From beside the barn, Mr. Herkimer called, “Aaron, don't be always telling people what to do.”

Aaron's dark eyes were fixed on Elizabeth's face as though to read it.

“I can be of help,” he said seriously. “I know the way.”

The Herkimers were silent. Elizabeth had the impression everything was up to her. She hesitated, not wanting the company, or the responsibility, of a small boy, especially such an unpredictable one. The Herkimers were watching her closely now. She felt as though they were resting their combined weight on her.

“He can come with me,” she said at last, thinking to herself—just this one time.

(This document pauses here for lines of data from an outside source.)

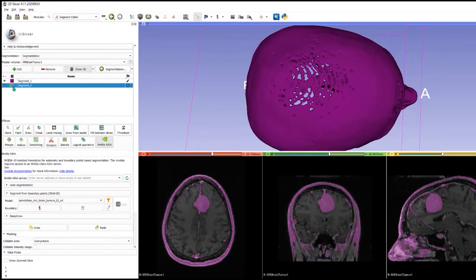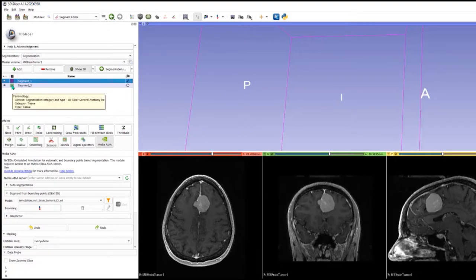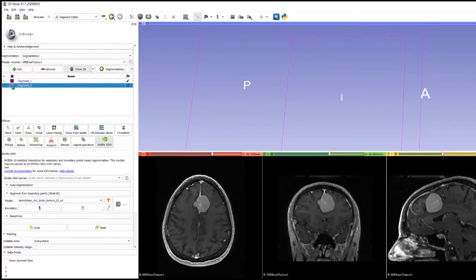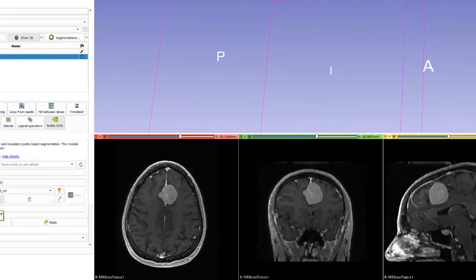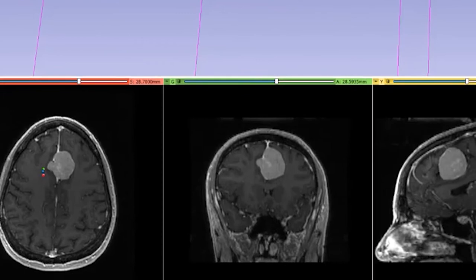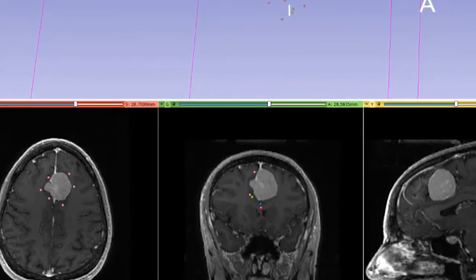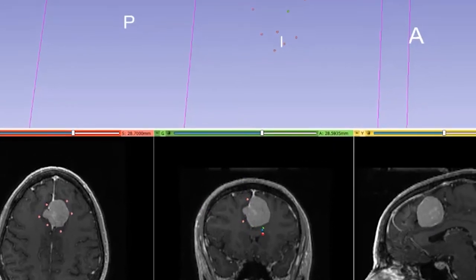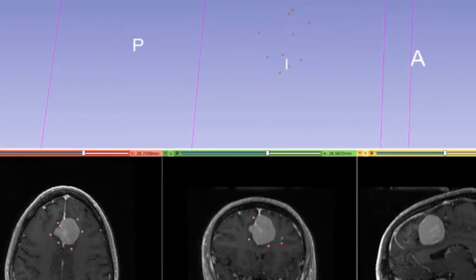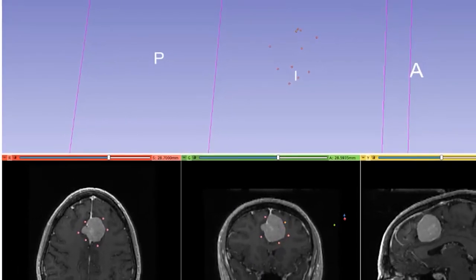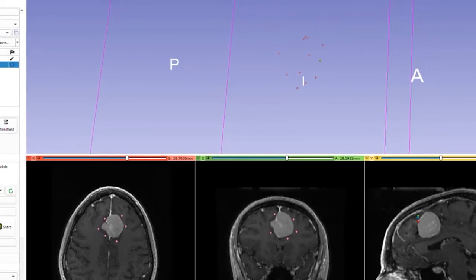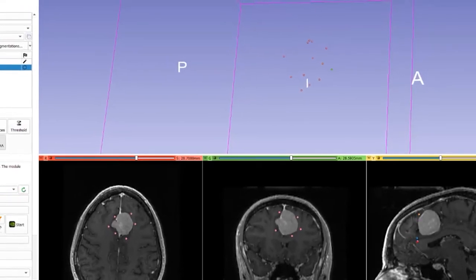I'm going to just draw some points. I'm going to take these boundary points and tell the algorithm roughly where is the tumor, where is the boundary for the tumor. You see the points appear in 3D space here. We don't have to be too close. Okay, that will do.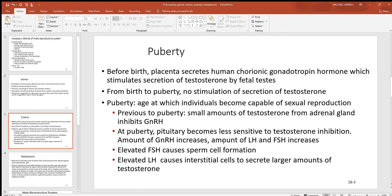There is a temporary coagulation as fibrinogen becomes fibrin, and fibrinolysin will break up that coagulation so the sperm cells can swim up the vagina. Looking back at puberty: before birth, the placenta secretes hCG, which stimulates the secretion of testosterone by the fetal testes. That is a very tiny amount being secreted, and from birth to puberty, testosterone production drops way off, almost to zero.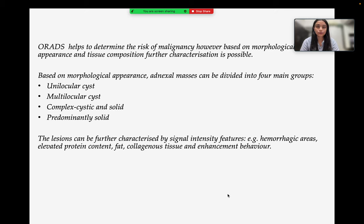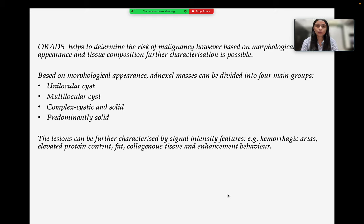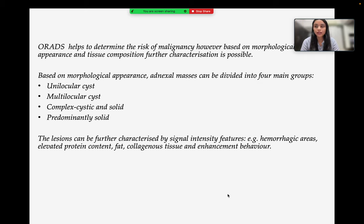Based on morphological appearance, adnexal masses can be divided into four main groups: unilocular cyst, multilocular cyst, complex (containing both solid and cystic components), and predominantly solid. The lesions can be further characterized by signal intensity features such as hemorrhagic areas, elevated protein content, fat, collagenous tissue, and enhancement pattern.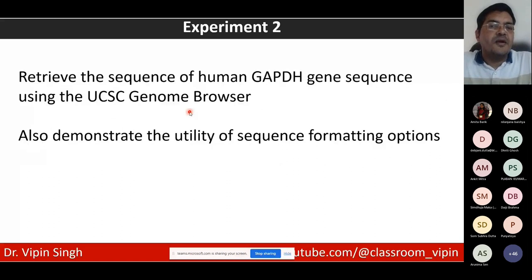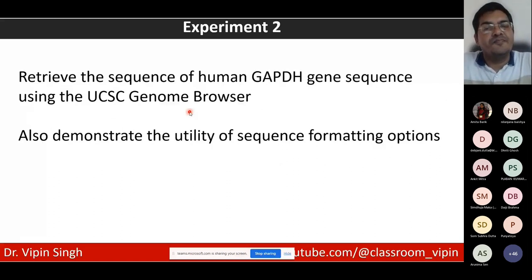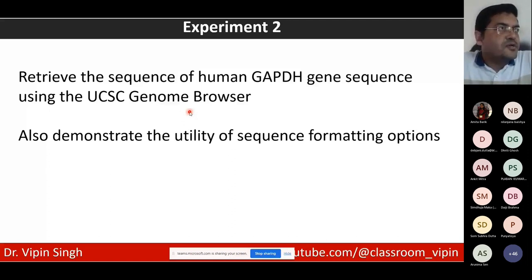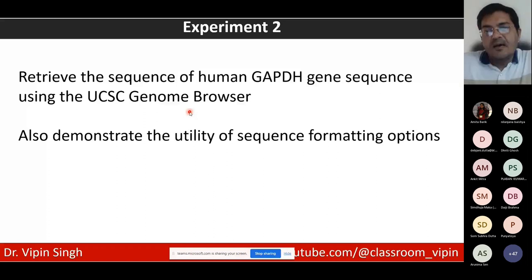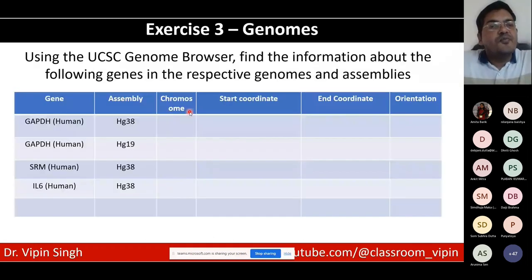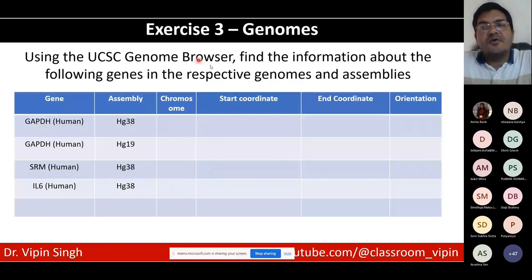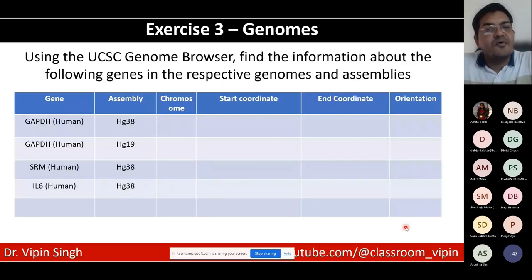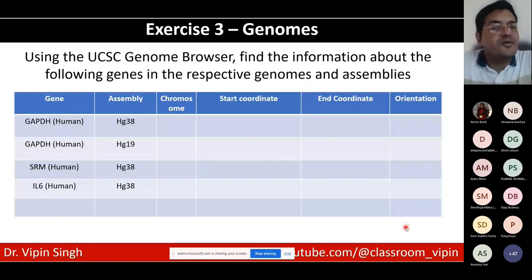We also retrieved the sequence of the human GAPDH gene from the UCSC Genome Browser and examined the various sequence formatting options available. Those who attended yesterday can take a screenshot and practice using the UCSC Genome Browser. Moving on, the FASTA format is a sequence format with only the sequence itself and one extra line — the definition line — which begins with a greater-than sign.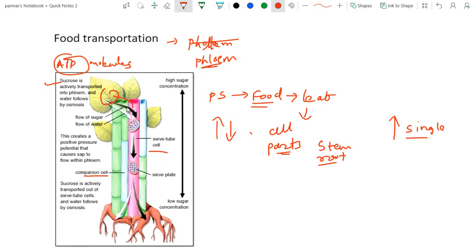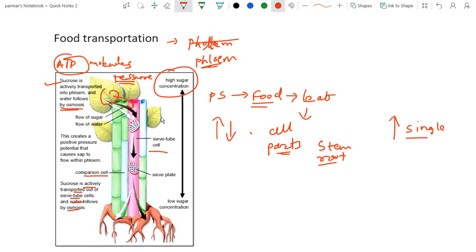From the leaf, food is transported through the phloem to other regions of the plant. This creates a positive pressure potential that causes sap to flow into the phloem. Due to this pressure, water and sugar are moved from one part to another region of the plant. Sucrose is actively transported out of the sieve tube cells and water follows by osmosis. There is a high concentration of sugar at the source and low concentration at the sink, and the active transportation of sugar requires ATP molecules.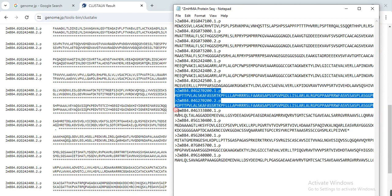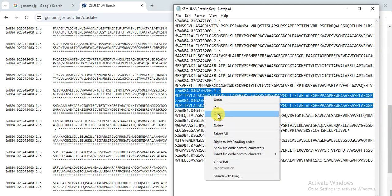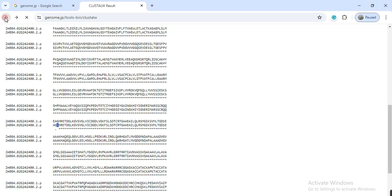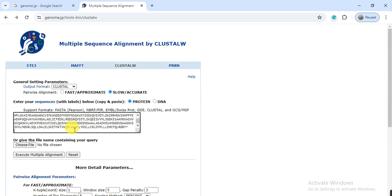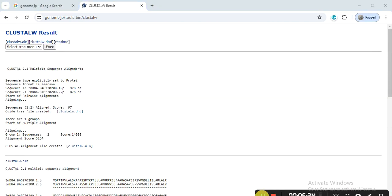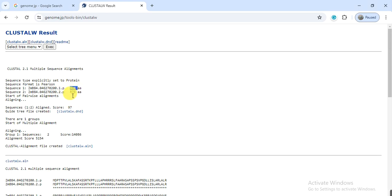We check another gene with two transcripts — copy and execute alignment. Here you can also see a difference: the amino acid counts are 928 and 927, meaning there is a difference in amino acid numbers. The sequence alignment score is 97%, which also confirms there is a difference in the sequence.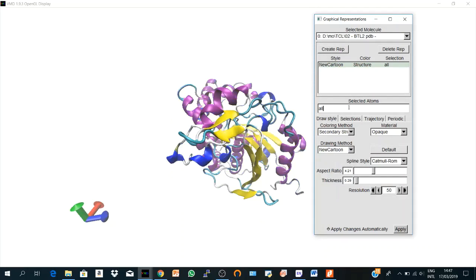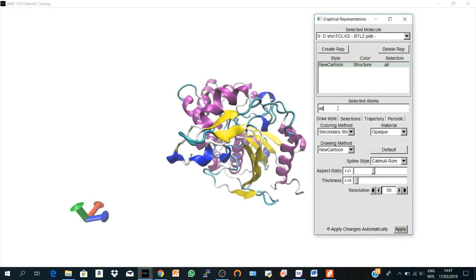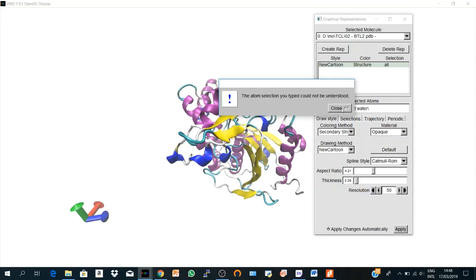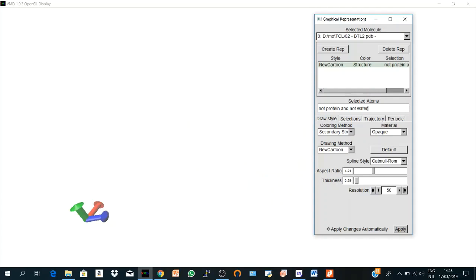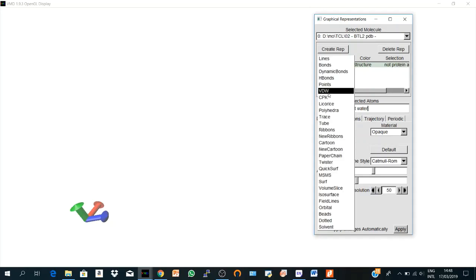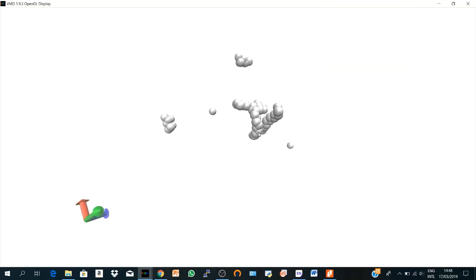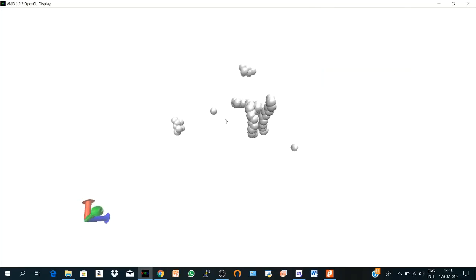And the selected atom text entry is very nice to work in. So let's create another representation other than 'all'. So if I set 'not protein and not water' and I hit enter, I don't see anything because what does it mean not protein and not water? In my structure it's only metal. So you cannot represent metal with New Cartoon. You will see nothing.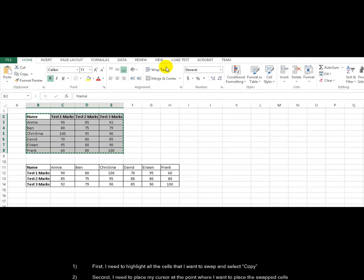Second, I need to place my cursor at the point where I want to place the swapped cells.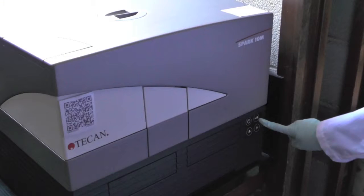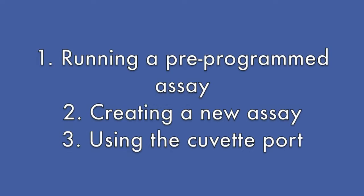This video will demonstrate the standard operating procedure for the T-CAN spectrophotometer. By the end of this video, you will be able to perform a quick test of your samples using a pre-programmed assay, set up a routine assay specific to your research need, and use the cuvette port for quick reading.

“You'll have to watch him every moment,” Mrs. Herkimer said, her fingers constantly catching and letting go of her pearls. “He likes to scare one. He likes to jump off high rocks just to startle. He doesn't look where he's going.”

Elizabeth had not heard a parent speaking in front of her child as though he wasn't even there. She felt a faint indignation for Aaron's sake, and was glad she had said he could come with her.

“I'll let you watch me,” Aaron said. “I'm calm today—easy to watch.”

“Go ahead, then,” Mrs. Herkimer said. “And behave yourself—”

“Or else!” Aaron cried gleefully. “I know all about
or else.
Come on, Elizabeth!” And he bounded around the house, under a wash line, past a woodpile, and into a grove of slender trees whose white trunks glowed like straight chalk lines among the surrounding pines. Twigs crackled as Aaron ran ahead of her.

“Wait up,” she demanded.

He paused to look back at her. His face, dappled in sunlight, then shade, glimmered briefly like a face in a dream. He went on.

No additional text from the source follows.